Released 17 June (UK)
Louder Than War check out the new album by the (self described) ‘ambient electropop’ band Kyte who, despite having ‘smashed it’ in the Far East already, are as of yet little known back on their home soil.
“Big in Japan” – it used to be an industry joke, but not any more. While other young British bands slug it round Northern Europe in splitter vans – and that’s the lucky ones – Nick Moon, Tom Lowe and Scott Hislop are probably as familiar with the arrivals halls of Far Eastern airports as their own bathrooms. Their Instagram postcards – photos taken from stages in Taipei and Tokyo showing venues full of delighted fans – tell a fascinating story, even if the details such as how and why are not immediately apparent. In a couple of weeks they’ll be heading back there for the prestigious Fuji Rock Festival and their first ever Hong Kong date, celebrating an album that’s been out for a year already there and climbed as high as number two in the Japanese I-tunes chart. This week it finally gets a home release, in a country that for the most part might ask “who the hell are Kyte”?
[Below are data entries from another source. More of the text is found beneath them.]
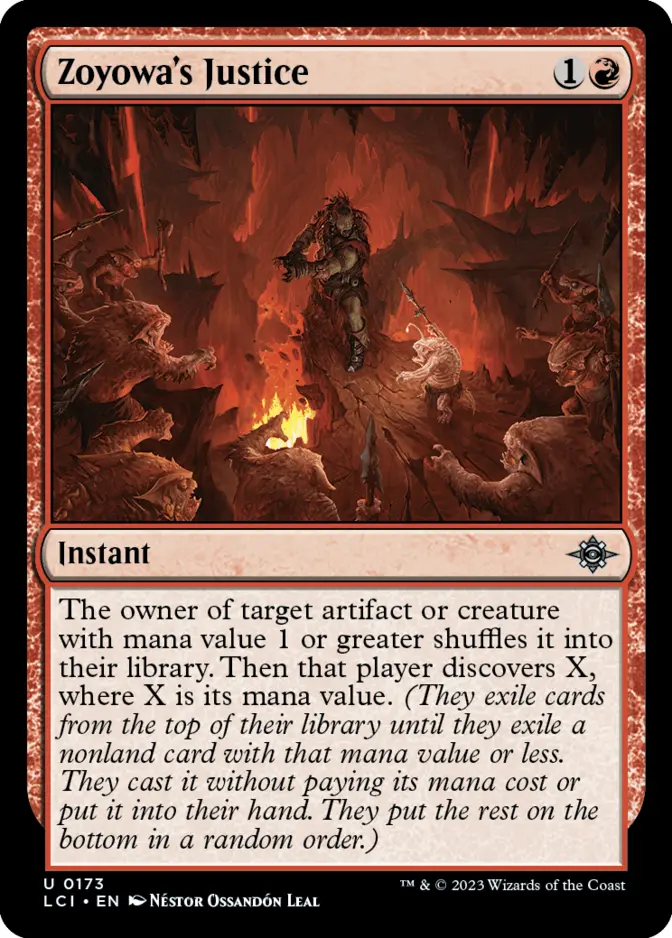 Zoyowa's Justice [LCI] (F)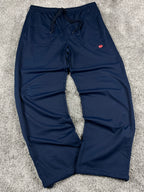 Pantalón deportivo Nike vintage años 2000 "Azul marino" (XXL)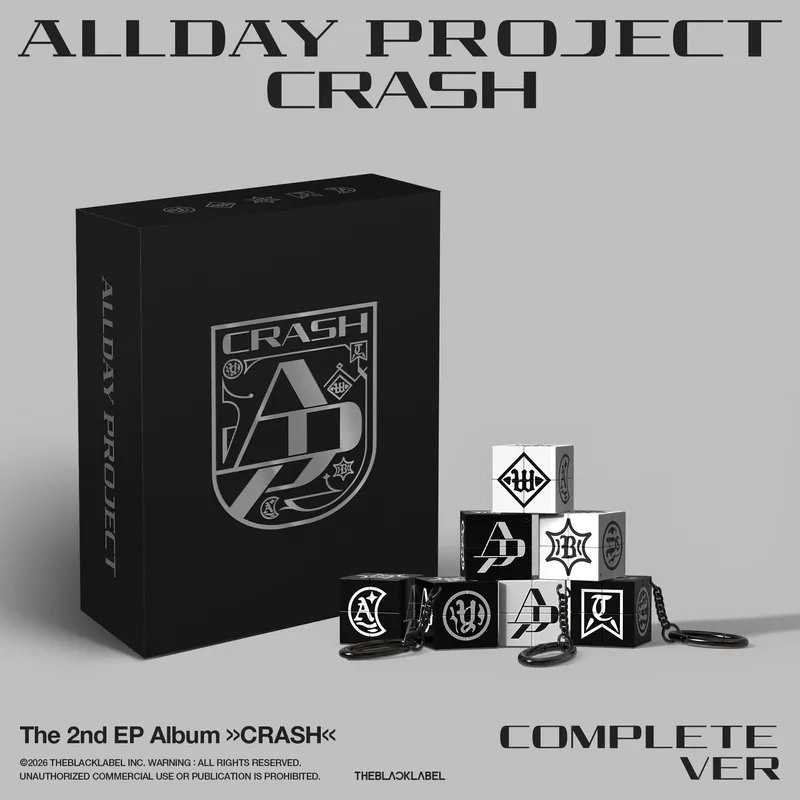 [랜덤] ALLDAY PROJECT - The 2nd EP Album 'CRASH' FOCUS ver.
The short answer: three young men from Leicestershire who were barely out of school when they released their eponymous debut in 2007 and found themselves supporting the likes of Maps and I Like Trains (technically iLiKETRAiNS then. I don’t miss having to type that all the time.) Their sound, then, was probably closer to the latter; sweeping indie post-rock with enough guitar pedals to get Sonic Cathedral interested – though the resulting single featured a remix by Maps in which the reclusive electronica producer twisted one of their songs into a whole new shape, bringing to the fore the electronic flickers which had always been lurking in there.
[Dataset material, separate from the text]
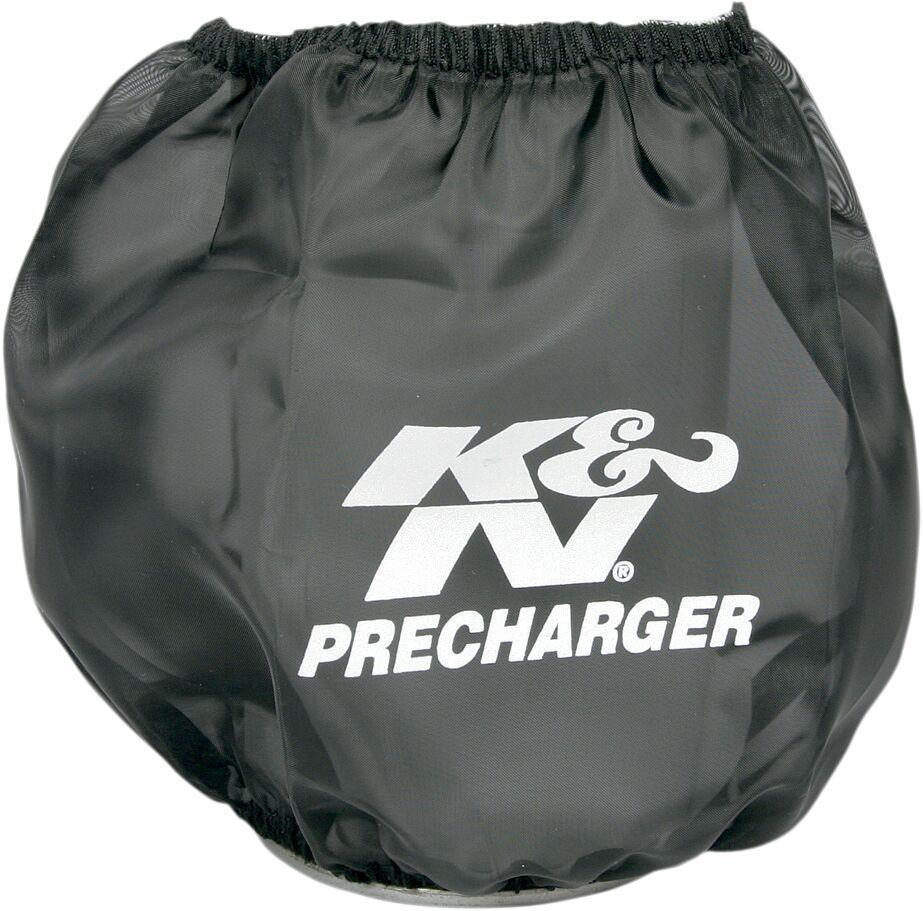 K&N Precharger Air Filter Wrap For Yamaha YFZ450 2012-2014 - Black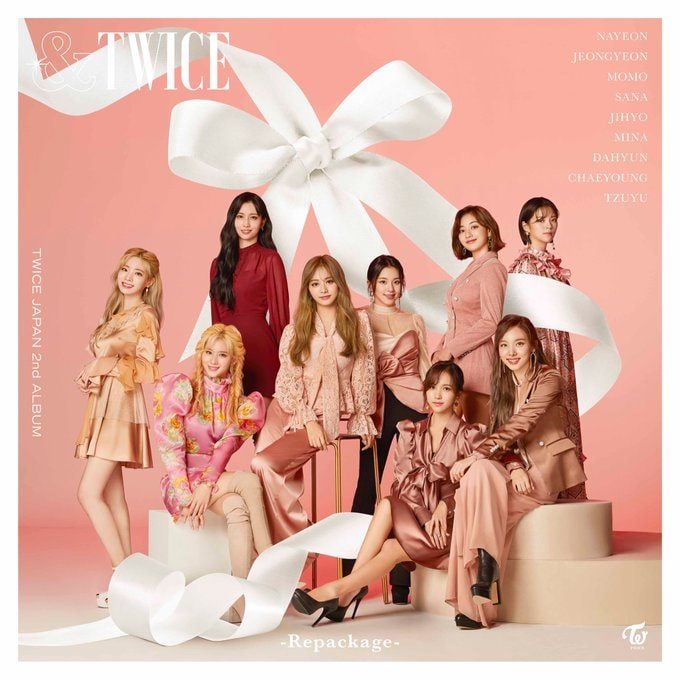 TWICE lanza repackage de &TWICE con nueva canción SWING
Six years later you’d be hard pushed to call them a guitar band at all really, as synths at the ready they seem to be taking a somewhat M83-esque route into more pop territory – albeit with the swoops and builds and atmospheres which have been there since day one. They certainly haven’t turned their backs completely on the post-rock sound – if great swelling Sigur Ros instrumentals are what you’re after then “September 5th” ticks all those boxes and should probably be accompanied by a film of migrating birds – but nor do they feel the need to constrain themselves to making music for people who go to Iceland for their holidays and own a number of records whose titles sound like IKEA lamps. Some tracks, for example the sunny “You & I” and particularly “Over After”, have more than a bit of 80s pop going on. Good 80s pop, that is, as in some of the less cheesy tracks tucked away on A-Ha albums, but it’s definitely there. And it works. This comes coupled with a new-found confidence in Nick Moon’s vocals which are a lot more upfront here than on previous releases, though there’s still a sort of breathy little-boy-lost feel to them which makes the prominent use of expletives on “Half Alone” rather more surprising than swearing usually is on a record these days.
What this definitely isn’t, though, is some desperate attempt to win new fans. Quite the opposite in fact: Kyte sound like a band that are completely at home with what they do; it’s a long album (maybe too long? There isn’t any particularly under par track asking to be dropped, but in the olden days a couple of these might have been saved for the post-album EP release) and the big hitting tracks don’t come along until much later on. “Aerials” is glorious, the sort of thing that makes you want to throw open the windows and let the sunshine in and the title track is the sort of thing which will sound magnificent and massive as it soars over the slopes of slope of Mount Takenoko.
You can sit and debate all day why some bands that seem to have all the elements for success in whatever form end up playing to fifteen people on a Wednesday night while some two-bit bottom-feeding “indie” band is being touted as the next big thing, but in this case our loss has for a few years now been Asia’s gain. Time to catch up.